# Gradient Descent Optimization in Linear Regression

## Introduction
Hello and welcome to another session on "Regression and Gradient Descent." In today's syllabus, we will construct and fit the gradient descent algorithm into a linear regression problem. Though linear regression has a direct solution, gradient descent is essential for computational efficiency, especially when handling larger datasets or complex models.

## The Concept of Gradient Descent
Gradient descent is an iterative optimization algorithm for minimizing a function, usually a loss function, quantifying the disparity between predicted and actual results. The goal of gradient descent is to find the parameters that minimize the value of the loss function. Importantly, gradient descent navigates its way to the minimum of the function by moving iteratively toward the direction of the steepest descent. To leverage gradient descent, the target function must be differentiable.

### Taking Steps with Gradient Descent
Gradient descent derives its name from its working mechanism: taking descents along the gradient. It operates in several iterative steps as follows:

1. **Choose random values for initial parameters.**
2. **Calculate the cost (the difference between actual and predicted value).**
3. **Compute the gradient (the steepest slope of the function around that point).**
4. **Update the parameters using the gradient.**
5. **Repeat steps 2 to 4 until an acceptable error rate is reached or the maximum iterations are exhausted.**

A vital component of gradient descent is the learning rate, which determines the size of the descent towards the optimum solution. If the learning rate is too high, we may overshoot the minimum; if it's too low, the convergence to the minimum may take too long.

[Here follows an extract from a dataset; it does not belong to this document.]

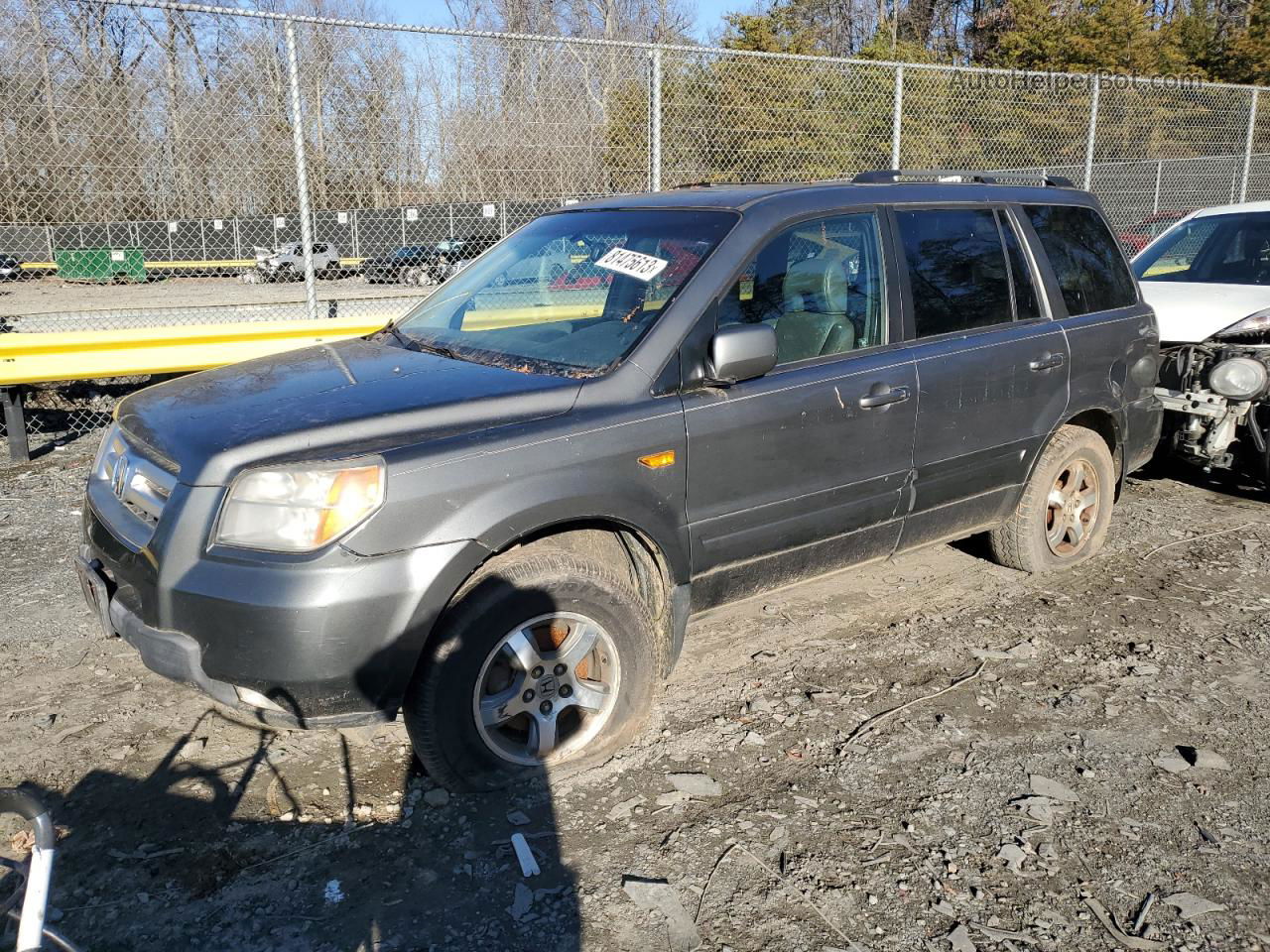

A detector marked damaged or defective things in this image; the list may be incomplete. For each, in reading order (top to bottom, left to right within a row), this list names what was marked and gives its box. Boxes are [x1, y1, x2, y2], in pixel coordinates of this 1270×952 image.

damaged vehicle [76, 175, 1159, 793]
damaged vehicle [1135, 200, 1270, 484]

## Implementing Gradient Descent in Python: The Cost Function
Let's implement gradient descent from scratch with a basic understanding of the algorithm. We need two functions: one for calculating the cost and another for calculating and applying the gradient to update our parameters. We'll also add an early stop mechanism to halt computations after a predefined number of iterations.

The cost function is as follows:

\[
J(X, y, \theta) = \frac{1}{m} \sum_{i=1}^{m} (X \cdot \theta - y_i)^2
\]

Where:
- \( J \) is the cost,
- \( X \) is the data,
- \( y \) are the actual values,
- \( \theta \) are the parameters,
- \( m \) is the length of \( y \).

This is the calculation of the mean squared error.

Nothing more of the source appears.